GPU innovator NVIDIA has announced its CUDA 4.0 toolkit for developers focused on building parallel applications that port to NVIDIA GPUs. With the company's own GPUDirect 2.0 technology shipping in this latest release, there is now peer-to-peer communication support across GPUs within a single server or workstation.
Ramping up its offering for multi-GPU application programming, NVIDIA is also highlighting it Unified Virtual Addressing (UVA) technology, which is intended to provide a single merged-memory address space for the main system memory and the GPU memories, again enabling so-called "quicker and easier" parallel programming. Finally, NVIDIA is currently highly vocal about its Thrust C++ Template Performance Primitives Libraries -- this technology offers a collection of open source C++ parallel algorithms and data structures that are designed to ease programming for C++ developers. With Thrust, routines such as parallel sorting are argued to be 5X to 100X faster than with Standard Template Library (STL) and Threading Building Blocks (TBB).
"Having access to GPU computing through the standard template interface greatly increases productivity for a wide range of tasks, from simple cashflow generation to complex computations," said Peter Decrem, director of rates products at market valuation and risk management company Quantifi. "The Thrust C++ library has lowered the barrier of entry significantly by taking care of low-level functionality like memory access and allocation, allowing the financial engineer to focus on algorithm development in a GPU-enhanced environment."

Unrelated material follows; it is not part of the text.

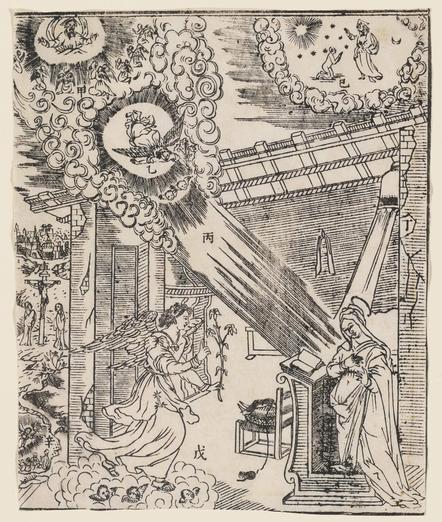 From the website: “These illustrations, one time accompanied by Chinese text, are based on Jerome Nadal's “Images from the Gospels” (Antwerp, 1593), a sumptuously illustrated Latin treatise produced at the instigation of Saint Ignatius Loyola. The images are emblems, with key elements notated and explained in turn. For example, A represents God's declaration of Christ's incarnation, and B shows the angel Gabriel delivering the news to Mary. At the far right, D marks Mary's house in Loreto, which became a pilgrimage site promoted by the Jesuits. (According to legend, angels carried Mary's house from Nazareth to the Italian town of Loreto in 1291.) Creation is depicted in the small vignette in the sky marked F, and the Crucifixion, as explained in note G, reminds the viewer of Christ's redemptive sacrifice.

The CUDA 4.0 architecture release also includes MPI integration with CUDA applications so that modified MPI (Message-Passing Interface standard) implementations automatically move data from and to the GPU memory over InfiniBand when an application initiates an MPI send or receive call.
There is also:
- Multithread Sharing of GPUs -- Multiple CPU host threads can share contexts on a single GPU, making it easier to share a single GPU by multithreaded applications.
- Multi-GPU Sharing by Single CPU Thread -- A single CPU host thread can access all GPUs in a system. Developers can easily coordinate work across multiple GPUs for tasks such as "halo" exchange in applications.
- New NPP Image and Computer Vision Library -- A rich set of image transformation operations that enable rapid development of imaging and computer vision applications.
A release candidate of CUDA Toolkit 4.0 will be available free of charge beginning March 4, 2011.